**TASK GOAL:** Exact copies of the lines below, from the one with "WRANGLER Mens Denim" up to and including the one with "Remembrance at Alyth", are what this calls for; leave out pictures.

**RECORDS:**
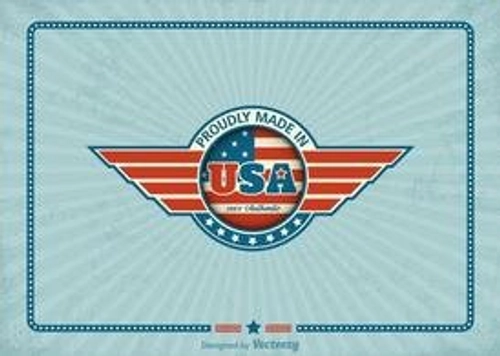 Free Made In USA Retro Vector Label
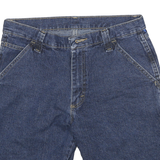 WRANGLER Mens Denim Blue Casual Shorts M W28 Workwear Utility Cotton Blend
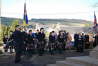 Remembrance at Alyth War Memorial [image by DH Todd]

* * *

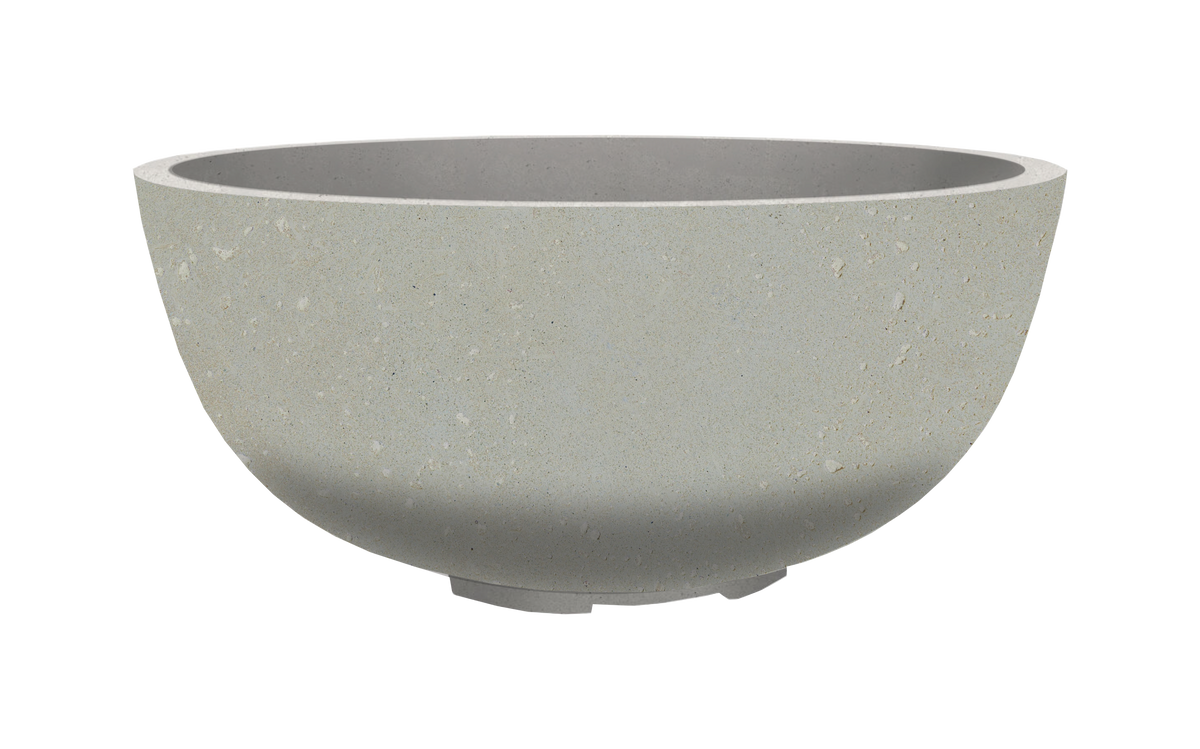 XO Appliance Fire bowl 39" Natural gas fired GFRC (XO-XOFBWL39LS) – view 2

==

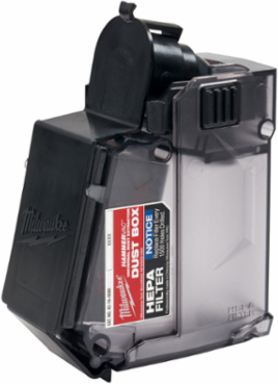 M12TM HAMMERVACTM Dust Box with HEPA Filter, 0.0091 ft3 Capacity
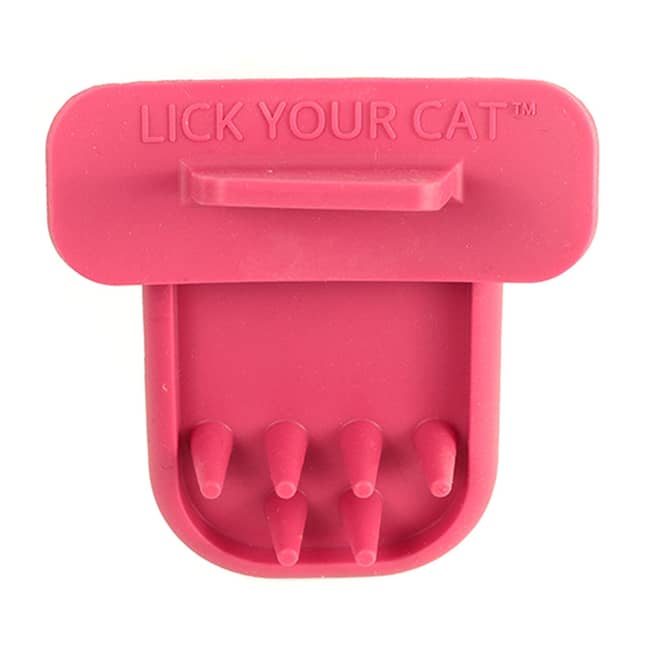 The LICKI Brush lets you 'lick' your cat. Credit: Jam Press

**THE COMPLETED TASK:**
 WRANGLER Mens Denim Blue Casual Shorts M W28 Workwear Utility Cotton Blend
 Remembrance at Alyth War Memorial [image by DH Todd]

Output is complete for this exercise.